According to the New York Times, when bringing their kids to rough it out in the woods, increasing numbers of wealthy families are choosing to avoid the “arduous logistics” of driving to remote camps in Maine; instead they’re hopping on private planes to get there.
Before Obama castigates those who choose to use the jets to deposit their children at camp, there are 30,000 people in Kansas who wish more parents would do the same.
According to Businessweek, at “least 30,000 people in Kansas are employed by the aviation industry, and more than 40 per cent of general aviation aircraft around the world is built in Kansas.” Politicians and workers in Wichita, which is where manufacturing plants for Cessna, Hawker Beechcraft and Bombardier are located, are furious that Obama continues to target the industry, which has laid off about 20,000 workers since 2008.
So when one private jet broker told the NYT of a 30% jump in business from summer camp-related travel, that is good news for Wichita.
Meanwhile, runways at the little airports nearby camp areas, are getting a little hectic.
A weekend with a turboprop aeroplane goes for about $3,800. Three tickets on commercial planes can add up to almost $2,000, so taking a private plane isn’t an entirely crazy idea for those that can afford it.
Apparently, some parents are even plane-pooling to get their kids to and from camp — quite to the annoyance of the uber-wealthy pioneers of summer camp jet-setting.
The NYT reports:
[S]ome parents have already tired of this private-plane status infiltrating the simpler world of summer camp. Nancy Chemtob, a divorce lawyer, made several summer trips to Maine in the past decade, where her children attended camp.

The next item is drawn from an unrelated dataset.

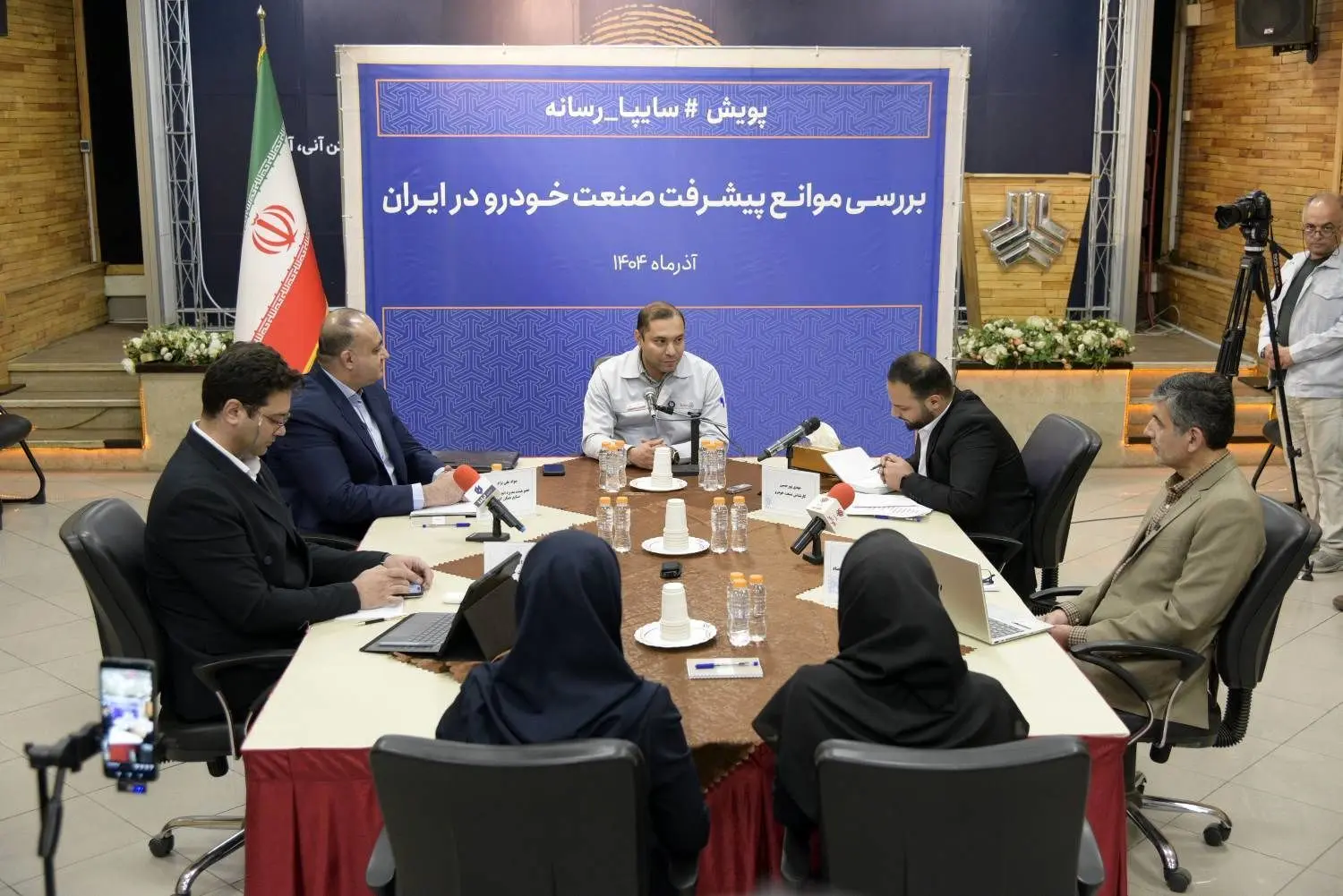 میزگرد تخصصی بررسی موانع پیشرفت صنعت خودرو در راستای پویش سایپا رسانه برگزار شد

She once managed to get on a charter plane from the airport in East Hampton, N.Y., for $750 (her husband had hung a sign in the airport seeking a ride). After listening to enough banter among parents about “who is flying, who is flying private, who they can get a lift home with,” she decided she “was done with Maine and the planes and all of the people.”
Chemtob now sends her children to summer camps in Europe.